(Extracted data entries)
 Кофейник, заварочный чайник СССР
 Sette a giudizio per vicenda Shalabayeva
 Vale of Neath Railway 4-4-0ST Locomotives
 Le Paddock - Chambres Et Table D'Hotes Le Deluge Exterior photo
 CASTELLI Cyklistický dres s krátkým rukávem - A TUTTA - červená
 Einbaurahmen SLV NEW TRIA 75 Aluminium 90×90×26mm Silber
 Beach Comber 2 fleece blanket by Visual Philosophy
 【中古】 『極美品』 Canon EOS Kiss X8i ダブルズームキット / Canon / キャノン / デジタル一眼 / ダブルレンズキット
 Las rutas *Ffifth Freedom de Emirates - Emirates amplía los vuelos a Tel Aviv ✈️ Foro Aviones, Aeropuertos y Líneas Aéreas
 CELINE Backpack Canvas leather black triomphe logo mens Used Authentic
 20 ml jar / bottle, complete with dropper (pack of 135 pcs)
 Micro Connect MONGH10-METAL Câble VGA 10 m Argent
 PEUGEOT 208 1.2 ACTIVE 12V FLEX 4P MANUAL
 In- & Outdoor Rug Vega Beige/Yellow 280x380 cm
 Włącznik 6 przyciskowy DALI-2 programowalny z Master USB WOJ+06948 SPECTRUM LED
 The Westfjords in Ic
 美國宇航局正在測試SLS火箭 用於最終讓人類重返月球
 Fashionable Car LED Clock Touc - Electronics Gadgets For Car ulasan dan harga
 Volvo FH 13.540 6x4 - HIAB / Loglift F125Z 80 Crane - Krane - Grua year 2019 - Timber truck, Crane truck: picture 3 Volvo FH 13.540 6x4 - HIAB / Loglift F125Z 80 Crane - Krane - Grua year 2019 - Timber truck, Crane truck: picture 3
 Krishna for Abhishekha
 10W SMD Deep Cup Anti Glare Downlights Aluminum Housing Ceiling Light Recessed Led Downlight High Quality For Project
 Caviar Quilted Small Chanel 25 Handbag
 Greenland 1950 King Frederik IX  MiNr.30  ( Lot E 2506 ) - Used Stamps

● **ASSIGNED TASK**
Search the records line by line for the word "Used" and copy every line where it appears.

● **ANSWER**
 CELINE Backpack Canvas leather black triomphe logo mens Used Authentic
 Greenland 1950 King Frederik IX  MiNr.30  ( Lot E 2506 ) - Used Stamps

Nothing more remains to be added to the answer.